|  | List of years in science | (table) |

= 1742 in science =

The year 1742 in science and technology involved some significant events.

==Astronomy==
- January 14 – Death of Edmond Halley; James Bradley succeeds him as Astronomer Royal in Great Britain.

==Mathematics==
- June – Christian Goldbach produces Goldbach's conjecture.
- Colin Maclaurin publishes his Treatise on Fluxions in Great Britain, the first systematic exposition of Newton's methods.

==Metrology==
- Anders Celsius publishes his proposal for a centigrade temperature scale originated in 1741.

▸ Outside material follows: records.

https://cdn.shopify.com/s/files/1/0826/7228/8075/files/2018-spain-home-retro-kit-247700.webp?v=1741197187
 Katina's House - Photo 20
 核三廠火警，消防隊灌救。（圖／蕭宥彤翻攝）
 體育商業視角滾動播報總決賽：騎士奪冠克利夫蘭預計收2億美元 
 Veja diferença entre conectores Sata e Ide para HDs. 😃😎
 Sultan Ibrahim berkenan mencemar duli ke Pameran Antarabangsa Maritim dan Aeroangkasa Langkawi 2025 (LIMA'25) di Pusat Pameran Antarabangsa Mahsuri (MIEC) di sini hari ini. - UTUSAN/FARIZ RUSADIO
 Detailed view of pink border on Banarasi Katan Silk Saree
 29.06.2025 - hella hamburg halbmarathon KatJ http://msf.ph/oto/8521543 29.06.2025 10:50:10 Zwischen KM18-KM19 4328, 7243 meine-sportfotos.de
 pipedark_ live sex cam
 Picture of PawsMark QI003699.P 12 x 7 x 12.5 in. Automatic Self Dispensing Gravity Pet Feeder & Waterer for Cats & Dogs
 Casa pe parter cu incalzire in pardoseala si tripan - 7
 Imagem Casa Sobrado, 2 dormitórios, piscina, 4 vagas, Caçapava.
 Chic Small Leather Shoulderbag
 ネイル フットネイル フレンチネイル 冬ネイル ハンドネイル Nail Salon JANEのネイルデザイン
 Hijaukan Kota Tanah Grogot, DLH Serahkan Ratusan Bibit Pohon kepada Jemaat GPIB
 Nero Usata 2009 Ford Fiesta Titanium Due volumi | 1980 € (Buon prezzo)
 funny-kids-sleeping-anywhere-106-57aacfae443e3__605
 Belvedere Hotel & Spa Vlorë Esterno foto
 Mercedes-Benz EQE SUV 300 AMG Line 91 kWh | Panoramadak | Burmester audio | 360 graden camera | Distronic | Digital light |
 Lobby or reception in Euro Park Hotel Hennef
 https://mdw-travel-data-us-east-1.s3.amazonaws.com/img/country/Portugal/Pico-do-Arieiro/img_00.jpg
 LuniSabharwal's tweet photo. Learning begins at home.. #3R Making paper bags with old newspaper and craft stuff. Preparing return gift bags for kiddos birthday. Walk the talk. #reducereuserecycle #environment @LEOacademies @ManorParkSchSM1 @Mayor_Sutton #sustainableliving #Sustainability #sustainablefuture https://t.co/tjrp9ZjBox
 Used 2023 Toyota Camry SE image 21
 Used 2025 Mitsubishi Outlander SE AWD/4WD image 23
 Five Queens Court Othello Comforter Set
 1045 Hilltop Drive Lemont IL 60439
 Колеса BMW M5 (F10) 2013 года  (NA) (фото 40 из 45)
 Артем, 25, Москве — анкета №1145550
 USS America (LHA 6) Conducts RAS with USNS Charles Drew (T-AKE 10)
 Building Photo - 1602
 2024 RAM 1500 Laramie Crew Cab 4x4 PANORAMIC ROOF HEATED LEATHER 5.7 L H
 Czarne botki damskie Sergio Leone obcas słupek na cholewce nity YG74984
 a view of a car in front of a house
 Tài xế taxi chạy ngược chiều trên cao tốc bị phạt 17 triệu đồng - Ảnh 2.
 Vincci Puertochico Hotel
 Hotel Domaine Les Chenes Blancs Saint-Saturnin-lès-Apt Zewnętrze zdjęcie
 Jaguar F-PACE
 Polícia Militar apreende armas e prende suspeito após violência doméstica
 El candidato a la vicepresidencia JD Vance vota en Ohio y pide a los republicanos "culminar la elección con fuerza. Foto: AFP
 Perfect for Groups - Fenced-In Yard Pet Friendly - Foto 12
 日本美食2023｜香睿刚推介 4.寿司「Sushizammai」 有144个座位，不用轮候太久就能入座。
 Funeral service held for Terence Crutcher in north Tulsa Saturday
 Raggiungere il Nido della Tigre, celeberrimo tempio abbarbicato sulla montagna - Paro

==Physiology and medicine==
- Surgeon Joseph Hurlock publishes his A Practical Treatise upon Dentition, or The breeding of teeth in children in London, the first treatise in English on dentition.

==Technology==
- Benjamin Robins publishes his New Principles of Gunnery, containing the determination of the force of gun-powder and an investigation of the difference in the resisting power of the air to swift and slow motions in London, containing a description of his ballistic pendulum and the results of his scientific experiments into improvements in ballistics.
- The first large (12 ft focal length) reflecting telescope is made, in Gregorian form, by James Short, for use by Charles Spencer, 3rd Duke of Marlborough, in London.

==Awards==
- Copley Medal: Christopher Middleton.

==Births==
- March 15 (bapt.) – John Stackhouse, English botanist (died 1819).
- May 18 – Lionel Lukin, English inventor (died 1834).
- December 3 – James Rennell, English geographer, historian and oceanographer (died 1830).
- December 9 – Carl Wilhelm Scheele, Swedish chemist (died 1786).
- December 26 – Ignaz von Born, Hungarian metallurgist (died 1791).

==Deaths==
- January 14 – Edmond Halley, English astronomer, geophysicist, mathematician, meteorologist, and physicist (born 1656).
- February 28 – Willem 's Gravesande, Dutch polymath (born 1688).
- May 13 – Nicolas Andry, French physician (born 1658).
- September 22 – Frederic Louis Norden, Danish explorer (born 1708).